Fallet Sibylle, Vesin Jean-Marc
Applied Signal Processing Group, Swiss Federal Institute of Technology, Lausanne, Switzerland.
Physiol Meas. 2017 Feb;38(2):155-170. doi: 10.1088/1361-6579/aa506e. Epub 2017 Jan 5.
Photoplethysmographic (PPG) signals are easily corrupted by motion artifacts when the subjects perform physical exercise. This paper introduces a two-step processing scheme to estimate heart rate (HR) from wrist-type PPG signals strongly corrupted by motion artifacts. Adaptive noise cancellation, using normalized least-mean-square algorithm, is first performed to attenuate motion artifacts and reconstruct multiple PPG waveforms from different combinations of corrupted PPG waveforms and accelerometer data. An adaptive band-pass filter is then used to track the common instantaneous frequency component (i.e. HR) of the reconstructed PPG waveforms. The proposed HR estimation scheme was evaluated on two datasets, composed of records from running subjects and subjects performing different kinds of arm/forearm movements and resulted in average absolute errors of 1.40 ± 0.60 and 4.28 ± 3.16 beats-per-minute for these two datasets, respectively. Importantly, the proposed method is fully automatic, induces an average estimation delay of 0.93 s, and is therefore suitable for real-time monitoring applications.
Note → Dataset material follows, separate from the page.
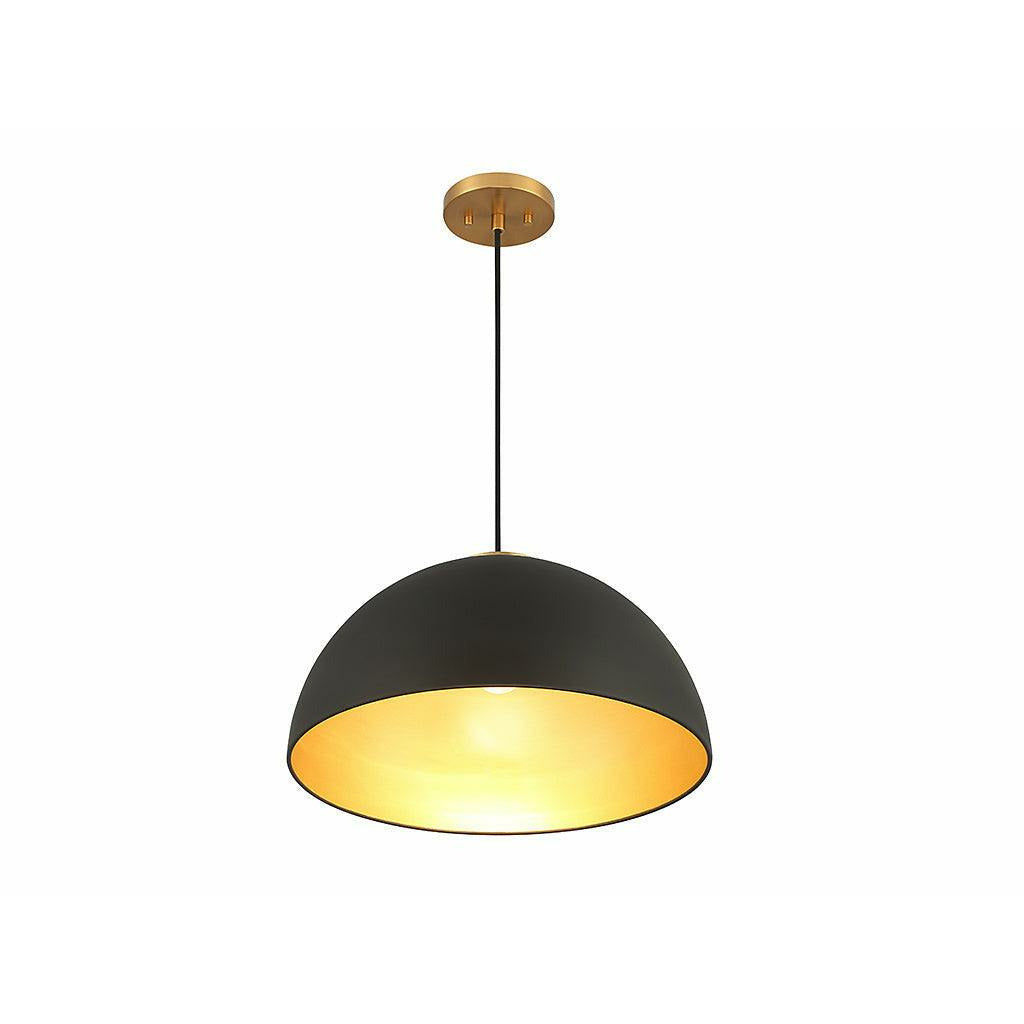 Alora Pendant - Matte Black / Natural Bras | Open Box - Light House Co.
当受试者进行体育锻炼时,光电容积脉搏波描记(PPG)信号很容易受到运动伪影的干扰。本文介绍了一种两步处理方案,用于从受到严重运动伪影干扰的腕部PPG信号中估计心率(HR)。首先采用基于归一化最小均方算法的自适应噪声消除技术,以减弱运动伪影,并从受干扰的PPG波形和加速度计数据的不同组合中重建多个PPG波形。然后使用自适应带通滤波器来跟踪重建PPG波形的共同瞬时频率成分(即心率)。所提出的心率估计方案在两个数据集上进行了评估,这两个数据集分别由跑步受试者以及进行不同类型手臂/前臂运动的受试者的记录组成,对于这两个数据集,该方案的平均绝对误差分别为1.40 ± 0.60次/分钟和4.28 ± 3.16次/分钟。重要的是,所提出的方法是完全自动的,平均估计延迟为0.93秒,因此适用于实时监测应用。